### EXERCISE DETAILS
Consider the listing below. Extract exactly the lines from the line containing "Good American Blue Denim Utility Jumpsuit" to the line containing "2019 Valentino Vlogo", both included.

### INFORMATION SHOWN

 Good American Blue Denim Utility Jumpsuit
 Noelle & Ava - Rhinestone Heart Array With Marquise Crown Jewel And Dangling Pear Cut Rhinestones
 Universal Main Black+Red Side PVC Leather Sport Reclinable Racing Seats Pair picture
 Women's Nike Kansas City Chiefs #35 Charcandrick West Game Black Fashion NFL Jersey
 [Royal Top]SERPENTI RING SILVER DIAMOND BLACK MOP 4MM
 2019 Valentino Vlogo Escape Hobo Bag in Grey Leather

...

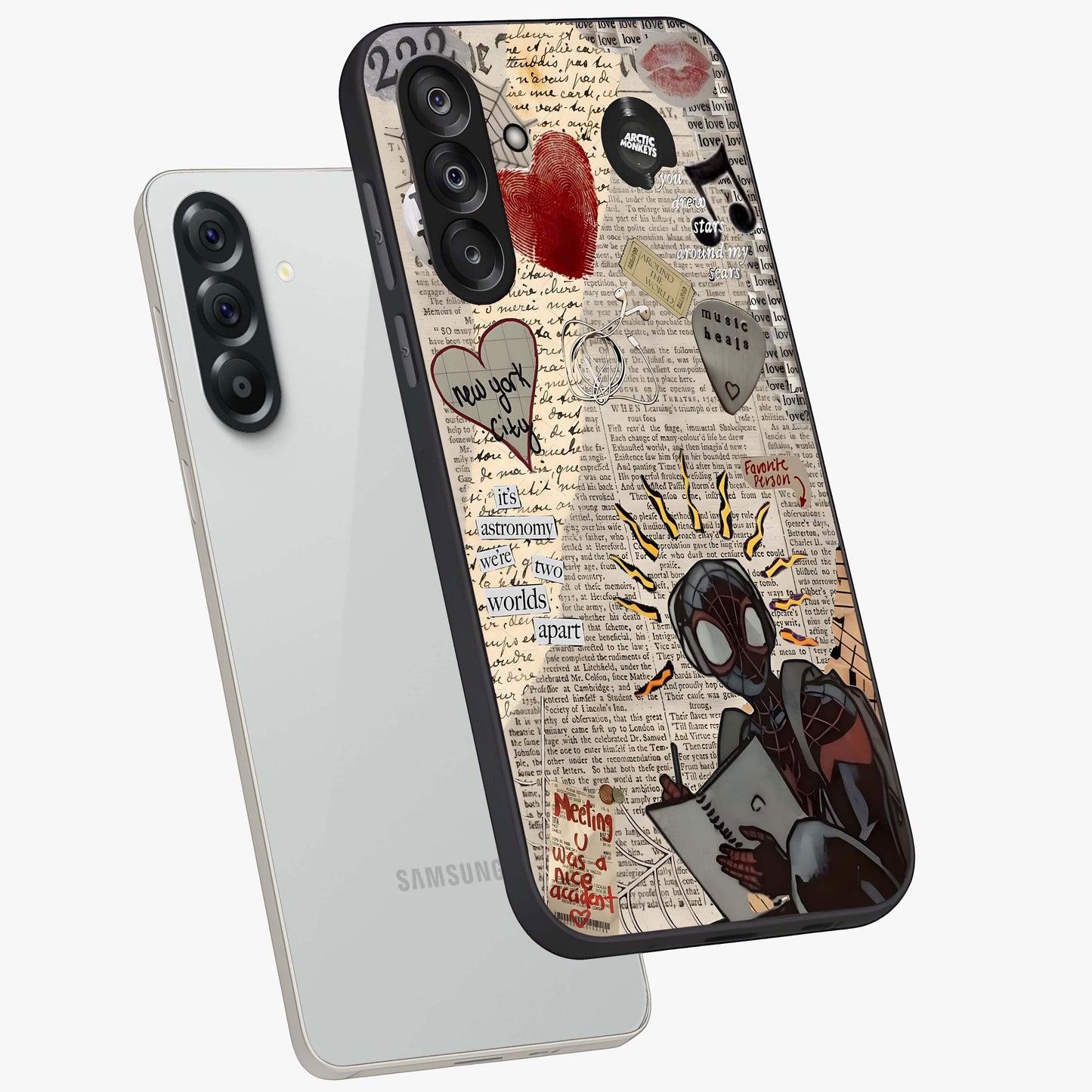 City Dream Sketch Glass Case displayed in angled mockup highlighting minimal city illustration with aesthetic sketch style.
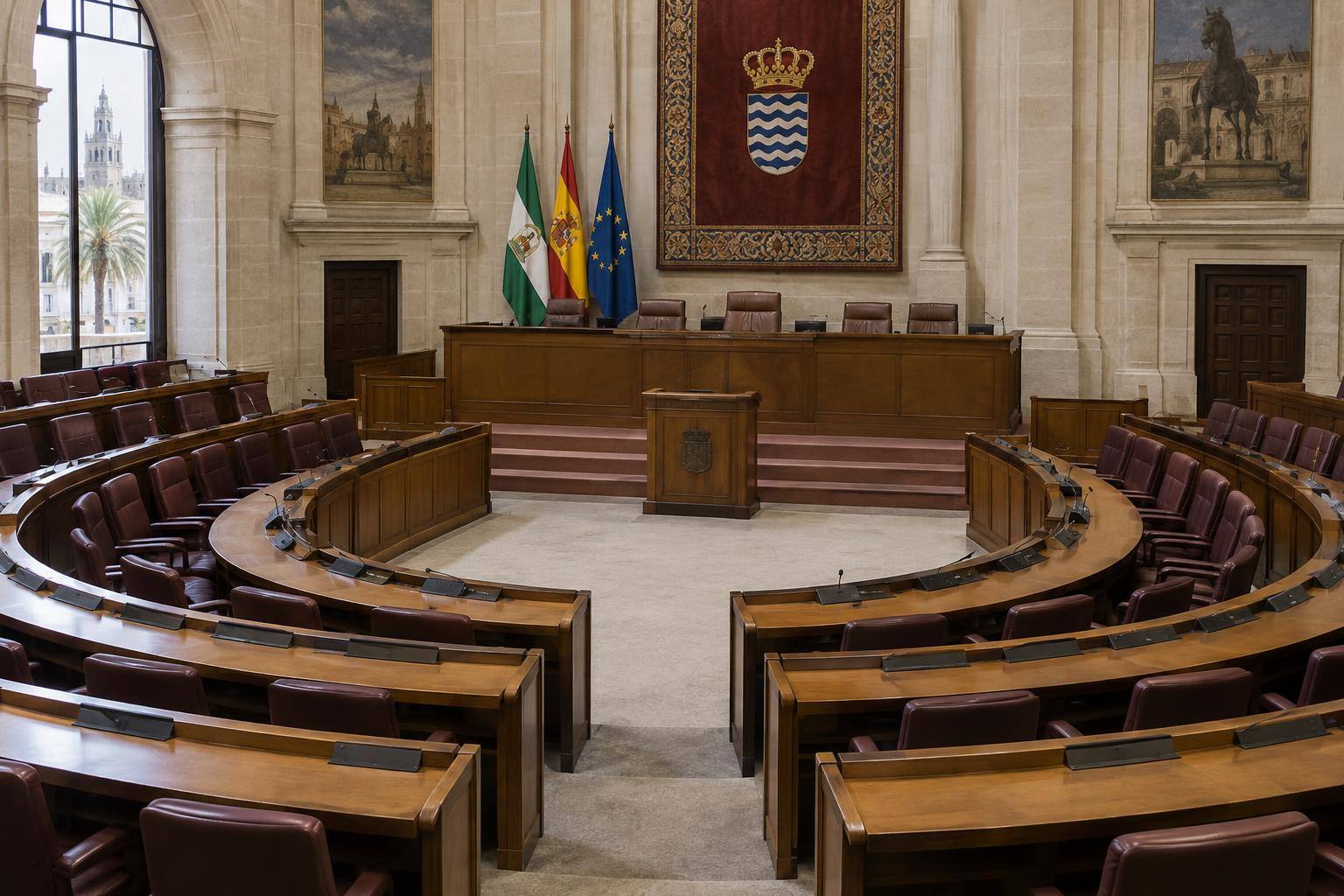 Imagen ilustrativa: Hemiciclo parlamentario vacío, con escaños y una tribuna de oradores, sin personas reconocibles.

### SOLUTION FOR THIS EXERCISE
 Good American Blue Denim Utility Jumpsuit
 Noelle & Ava - Rhinestone Heart Array With Marquise Crown Jewel And Dangling Pear Cut Rhinestones
 Universal Main Black+Red Side PVC Leather Sport Reclinable Racing Seats Pair picture
 Women's Nike Kansas City Chiefs #35 Charcandrick West Game Black Fashion NFL Jersey
 [Royal Top]SERPENTI RING SILVER DIAMOND BLACK MOP 4MM
 2019 Valentino Vlogo Escape Hobo Bag in Grey Leather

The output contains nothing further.